Saturday, January 31, 2009

Can something come from nothing?

Anything that stands in direct relation to something else--must exist. Existence, then, takes in a lot of territory--material, emotional, psychological, analytical, and, at least for the person who believes, God. But, "nothing," exists only in the relationship of an absence of something, and is excluded, therefore, from existing independently. "Nothing" does not exist--it is because "nothing" is a mere place holder (like the concept zero) that whatever exists, visa vice the physical Big Bang, it does so by being in a direct relationship to the big bang and that something is not nothing.

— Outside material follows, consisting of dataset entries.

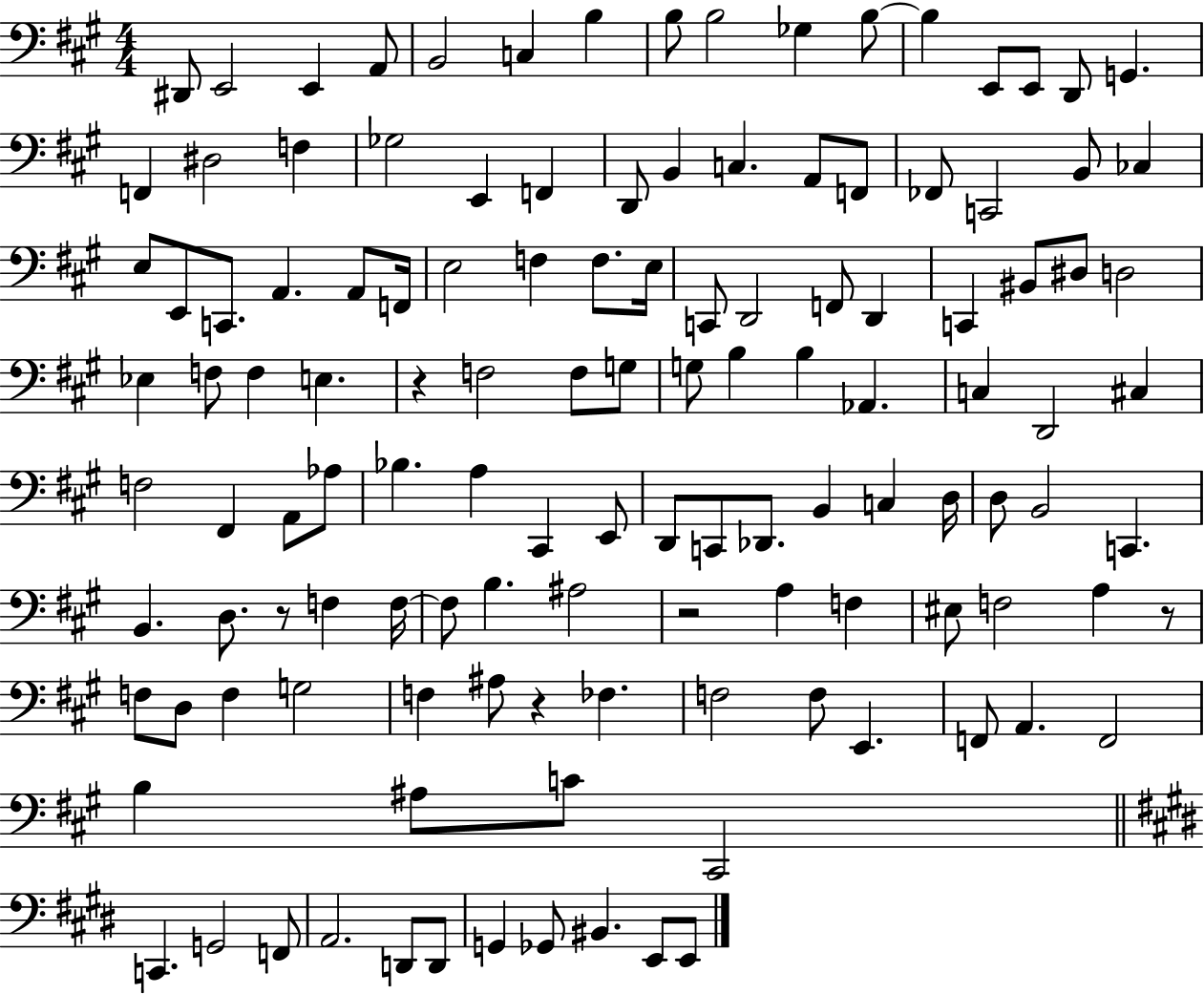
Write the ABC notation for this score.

X:1
T:Untitled
M:4/4
L:1/4
K:A
^D,,/2 E,,2 E,, A,,/2 B,,2 C, B, B,/2 B,2 _G, B,/2 B, E,,/2 E,,/2 D,,/2 G,, F,, ^D,2 F, _G,2 E,, F,, D,,/2 B,, C, A,,/2 F,,/2 _F,,/2 C,,2 B,,/2 _C, E,/2 E,,/2 C,,/2 A,, A,,/2 F,,/4 E,2 F, F,/2 E,/4 C,,/2 D,,2 F,,/2 D,, C,, ^B,,/2 ^D,/2 D,2 _E, F,/2 F, E, z F,2 F,/2 G,/2 G,/2 B, B, _A,, C, D,,2 ^C, F,2 ^F,, A,,/2 _A,/2 _B, A, ^C,, E,,/2 D,,/2 C,,/2 _D,,/2 B,, C, D,/4 D,/2 B,,2 C,, B,, D,/2 z/2 F, F,/4 F,/2 B, ^A,2 z2 A, F, ^E,/2 F,2 A, z/2 F,/2 D,/2 F, G,2 F, ^A,/2 z _F, F,2 F,/2 E,, F,,/2 A,, F,,2 B, ^A,/2 C/2 ^C,,2 C,, G,,2 F,,/2 A,,2 D,,/2 D,,/2 G,, _G,,/2 ^B,, E,,/2 E,,/2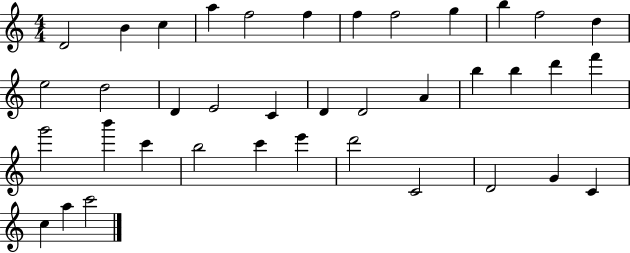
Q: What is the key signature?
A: C major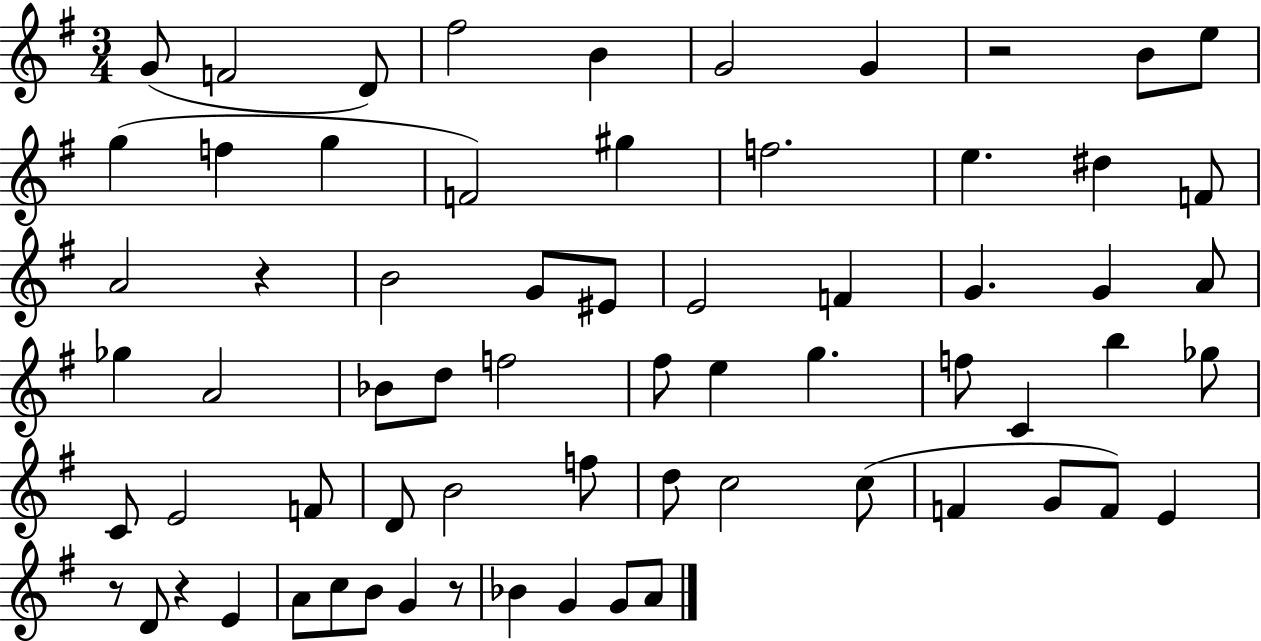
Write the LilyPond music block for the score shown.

{
  \clef treble
  \numericTimeSignature
  \time 3/4
  \key g \major
  g'8( f'2 d'8) | fis''2 b'4 | g'2 g'4 | r2 b'8 e''8 | \break g''4( f''4 g''4 | f'2) gis''4 | f''2. | e''4. dis''4 f'8 | \break a'2 r4 | b'2 g'8 eis'8 | e'2 f'4 | g'4. g'4 a'8 | \break ges''4 a'2 | bes'8 d''8 f''2 | fis''8 e''4 g''4. | f''8 c'4 b''4 ges''8 | \break c'8 e'2 f'8 | d'8 b'2 f''8 | d''8 c''2 c''8( | f'4 g'8 f'8) e'4 | \break r8 d'8 r4 e'4 | a'8 c''8 b'8 g'4 r8 | bes'4 g'4 g'8 a'8 | \bar "|."
}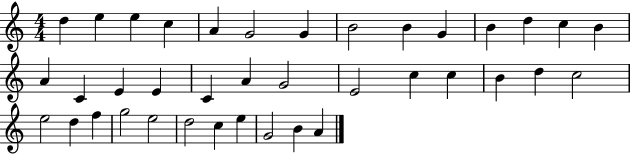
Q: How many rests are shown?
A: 0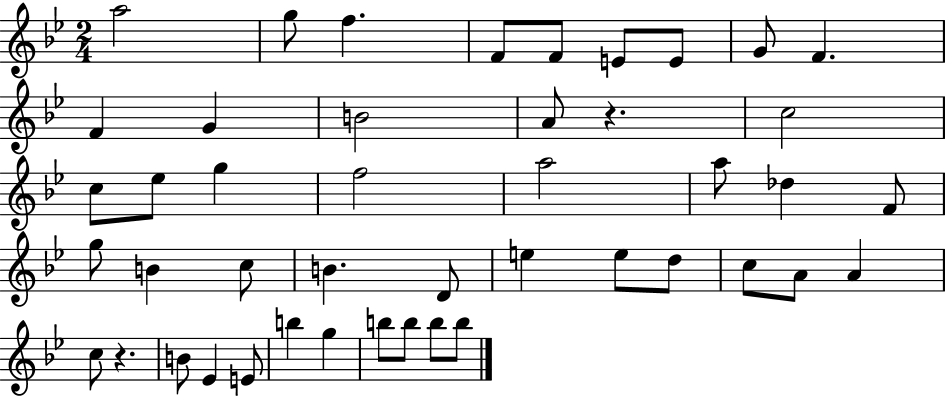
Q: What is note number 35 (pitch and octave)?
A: B4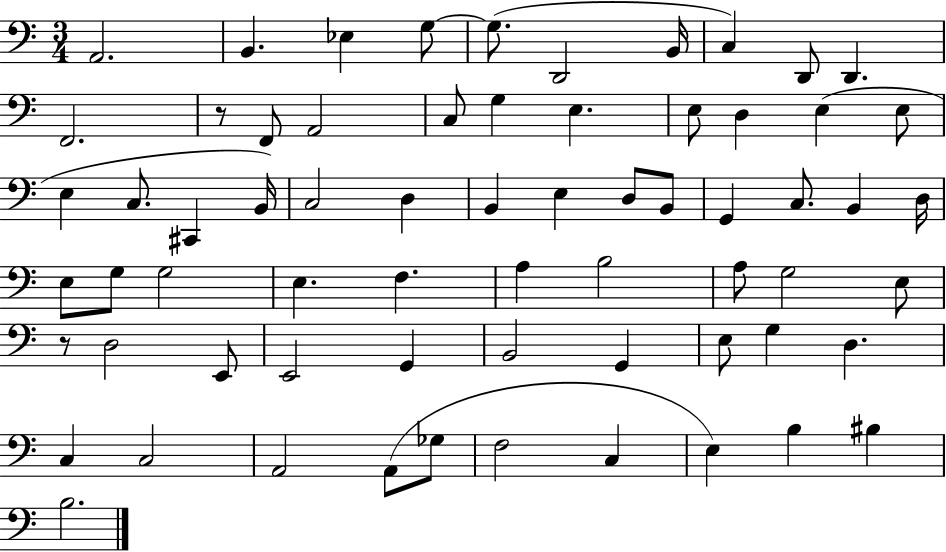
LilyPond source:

{
  \clef bass
  \numericTimeSignature
  \time 3/4
  \key c \major
  \repeat volta 2 { a,2. | b,4. ees4 g8~~ | g8.( d,2 b,16 | c4) d,8 d,4. | \break f,2. | r8 f,8 a,2 | c8 g4 e4. | e8 d4 e4( e8 | \break e4 c8. cis,4 b,16) | c2 d4 | b,4 e4 d8 b,8 | g,4 c8. b,4 d16 | \break e8 g8 g2 | e4. f4. | a4 b2 | a8 g2 e8 | \break r8 d2 e,8 | e,2 g,4 | b,2 g,4 | e8 g4 d4. | \break c4 c2 | a,2 a,8( ges8 | f2 c4 | e4) b4 bis4 | \break b2. | } \bar "|."
}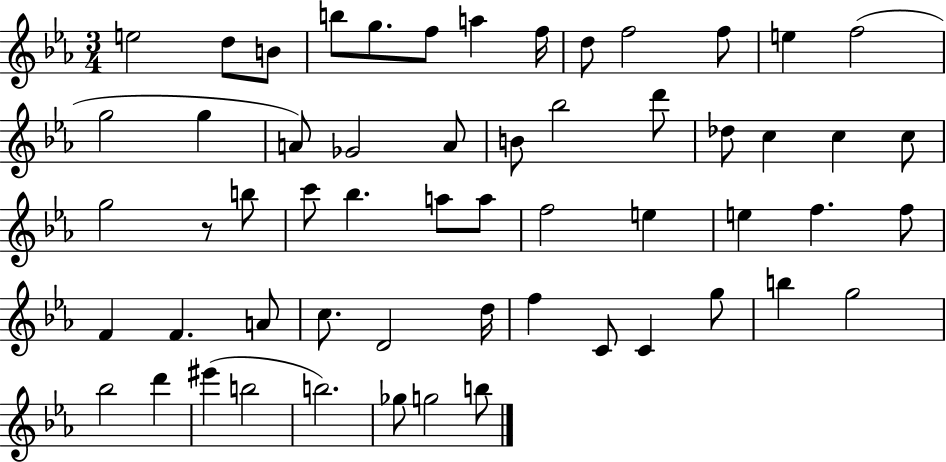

Lift A Stone And God Is There; Ask A Question And God Is There--

In The Beginning was the paradox: How does unity coexist with multiplicity? How does oneness make room for otherness? How does the all- perfect source become something less than it-self? God, being up for this challenge, solved the dilemma, and She did this by (gender is optional here, in fact, it’s probably best to think of God in terms of process, in terms of “processing divinity”) the liberation of Her own non-being. This event had to be performed in such a way so as God could both be and not be God in the same phenomenon. Her solution is doable, even logically doable, in the form of being-what-is-not-while-not-being-what-is. In this double negation, God becomes free in the phenomenon of not, not being God, while affirming (by implication) the God that is free to not be God. In other words, the liberation of God’s non-being becomes God’s immanence while, at the same time, there exists an implied transcendent God. God’s immanence is particularly important to humans because divine immanence gets called “reality.”